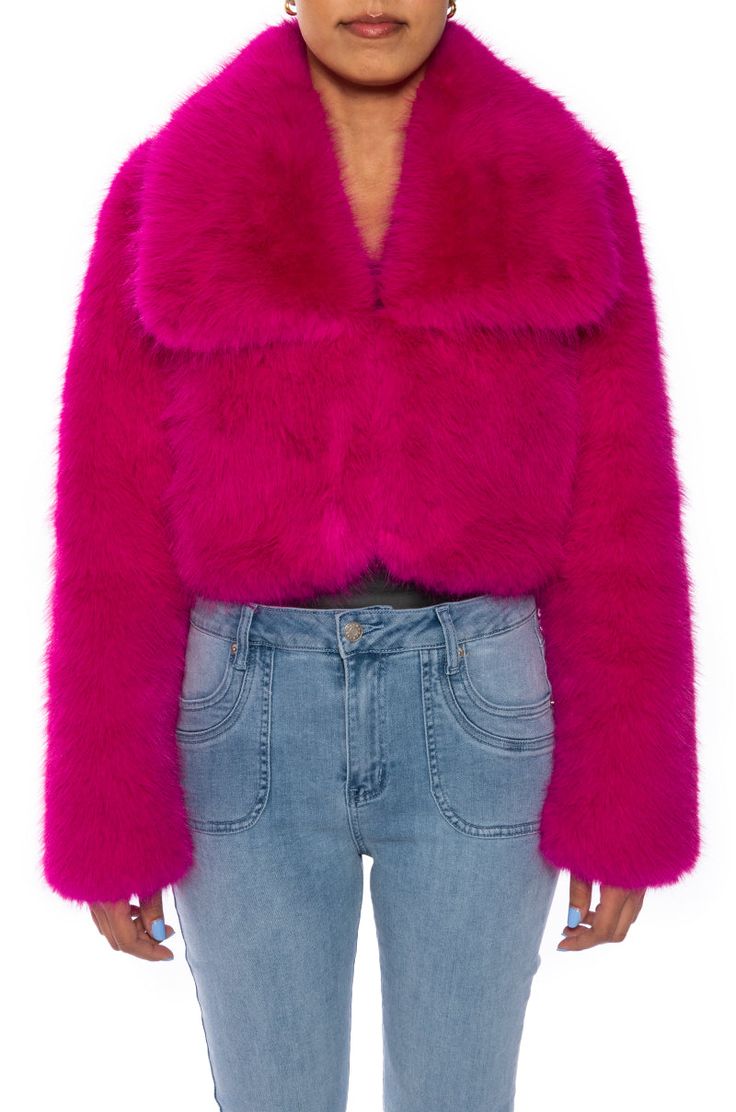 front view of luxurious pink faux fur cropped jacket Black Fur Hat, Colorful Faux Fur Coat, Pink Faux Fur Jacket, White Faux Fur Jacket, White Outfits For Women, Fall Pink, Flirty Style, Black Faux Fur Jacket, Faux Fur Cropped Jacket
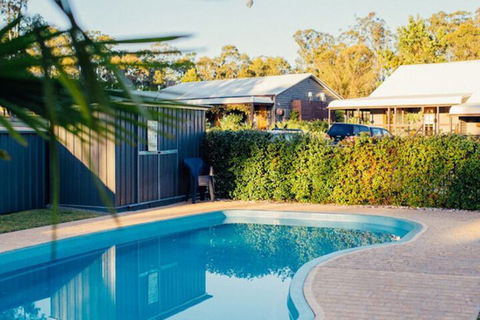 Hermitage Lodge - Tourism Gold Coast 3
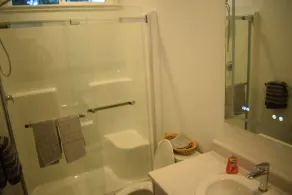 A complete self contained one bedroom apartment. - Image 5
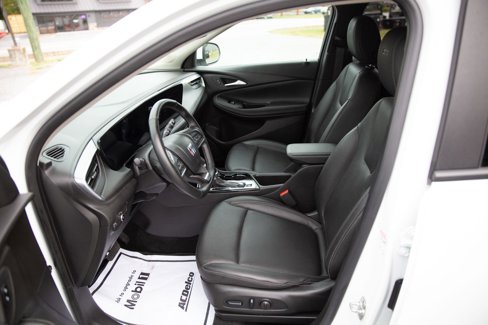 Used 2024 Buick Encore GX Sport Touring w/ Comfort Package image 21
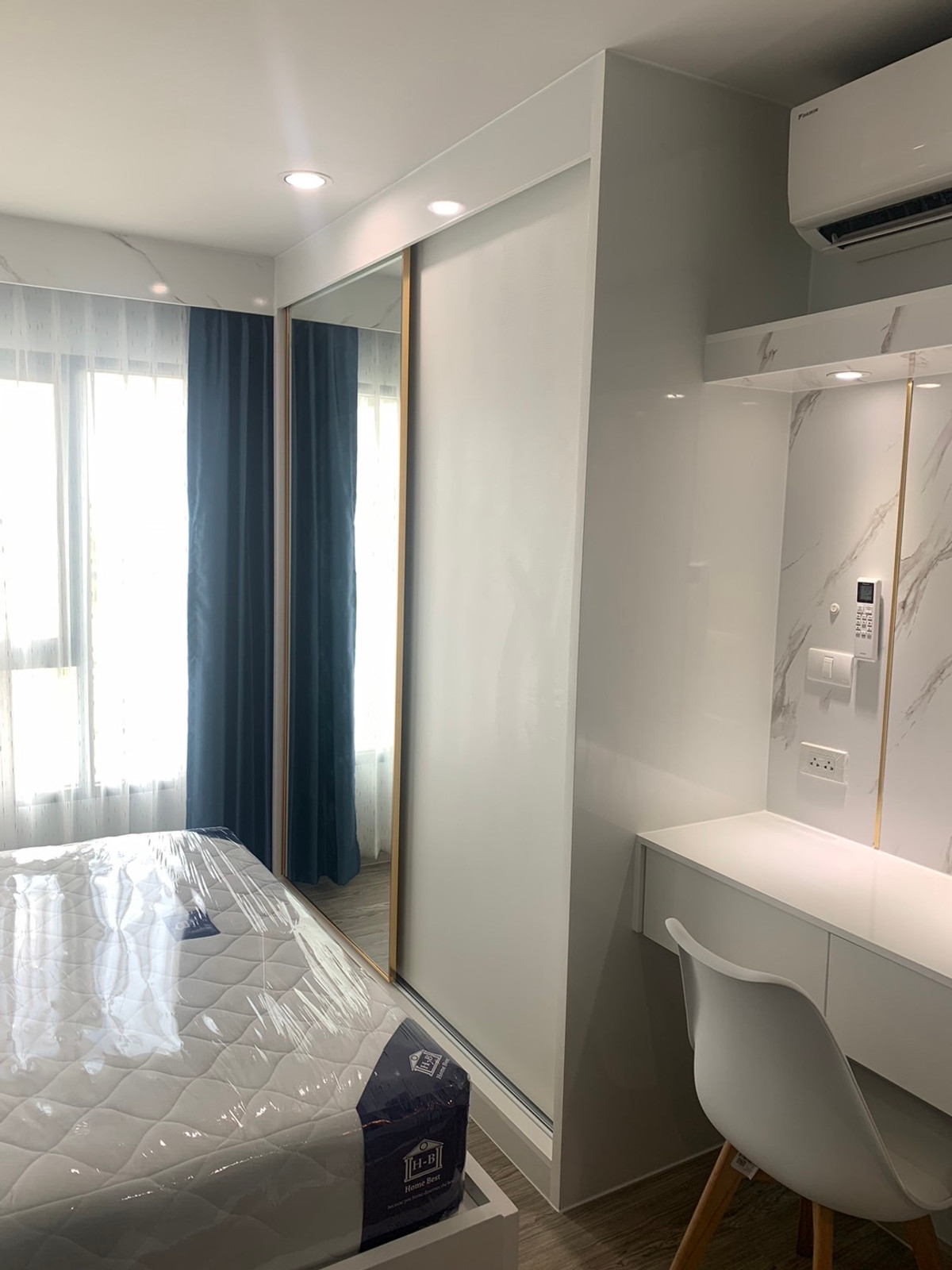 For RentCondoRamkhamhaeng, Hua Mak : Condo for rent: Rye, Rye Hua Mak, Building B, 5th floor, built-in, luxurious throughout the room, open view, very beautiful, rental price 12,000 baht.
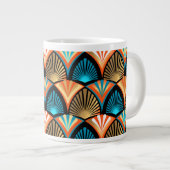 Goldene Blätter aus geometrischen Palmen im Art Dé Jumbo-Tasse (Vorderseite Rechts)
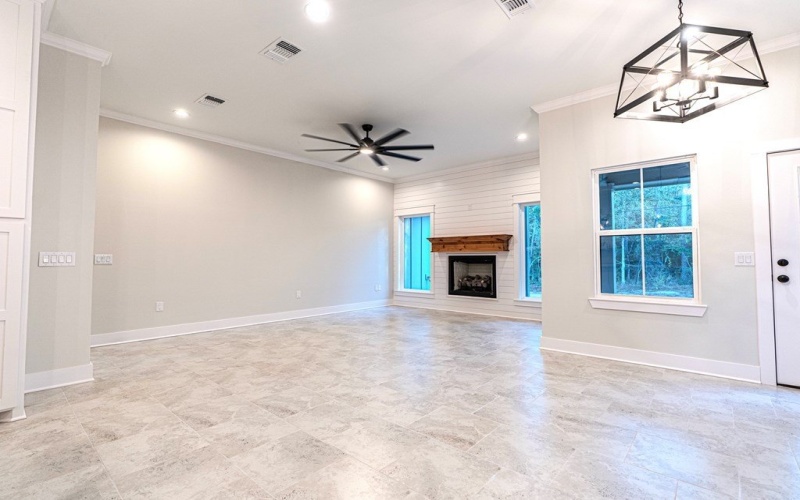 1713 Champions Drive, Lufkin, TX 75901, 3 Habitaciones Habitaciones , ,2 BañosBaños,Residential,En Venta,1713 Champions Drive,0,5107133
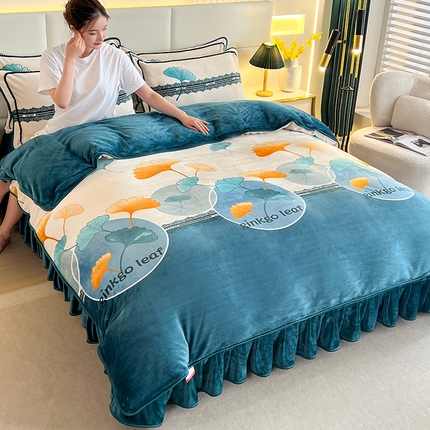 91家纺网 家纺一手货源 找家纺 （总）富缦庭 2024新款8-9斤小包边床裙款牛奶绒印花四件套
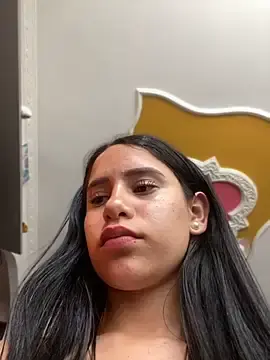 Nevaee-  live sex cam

════════

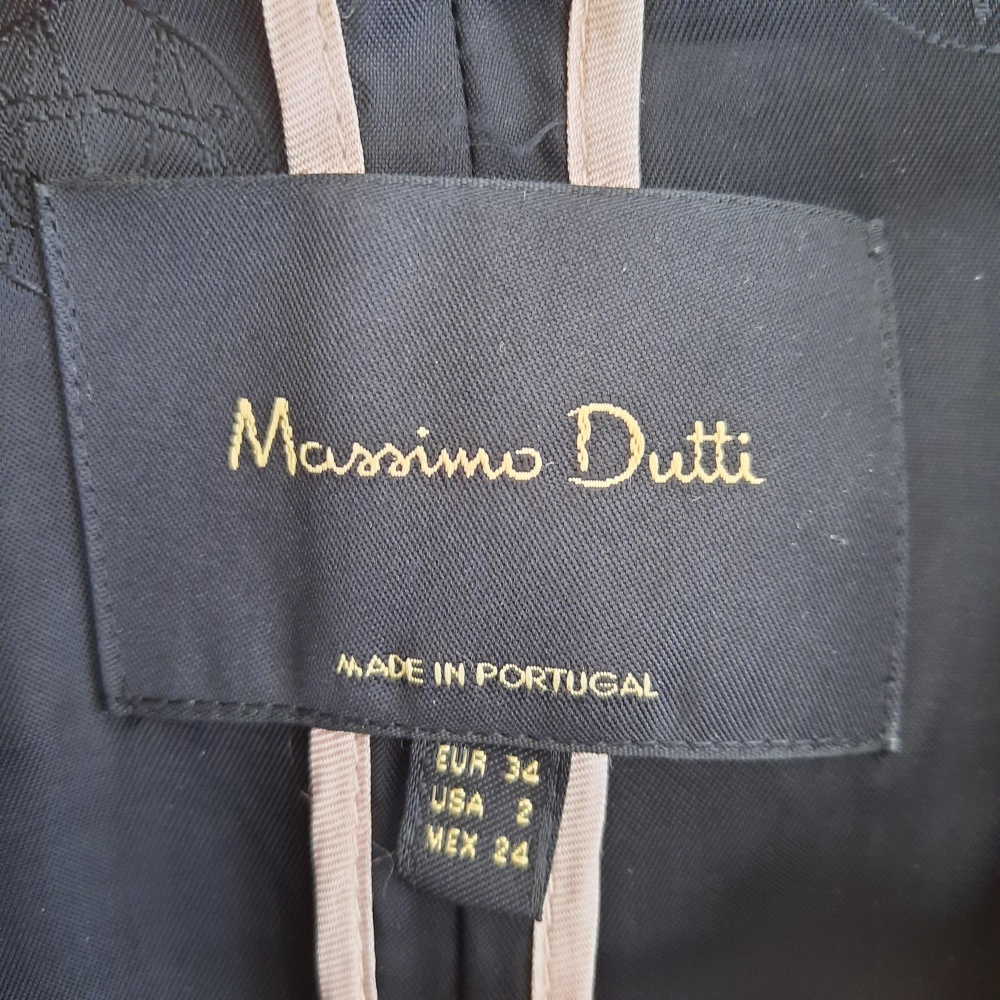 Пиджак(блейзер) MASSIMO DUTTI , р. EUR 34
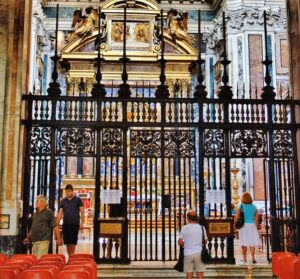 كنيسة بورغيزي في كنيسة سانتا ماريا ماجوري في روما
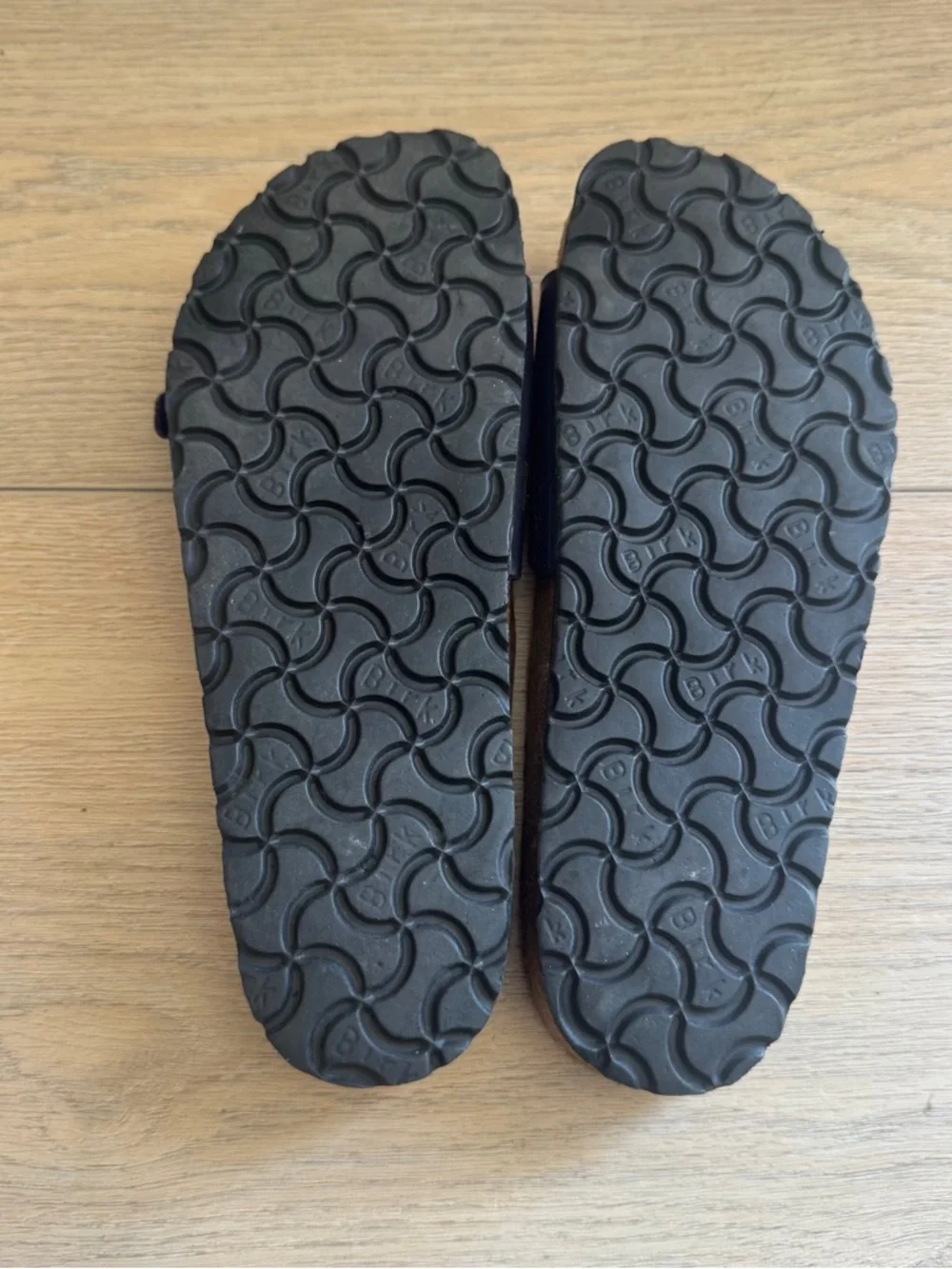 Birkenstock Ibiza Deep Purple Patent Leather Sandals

════════

Transcribe exactly the lines above, beginning at the one with "91家纺网 家纺一手货源 找家纺" and going up to and including the one with "live sex cam". Pictures do not belong in the copy.

 91家纺网 家纺一手货源 找家纺 （总）富缦庭 2024新款8-9斤小包边床裙款牛奶绒印花四件套
 Nevaee-  live sex cam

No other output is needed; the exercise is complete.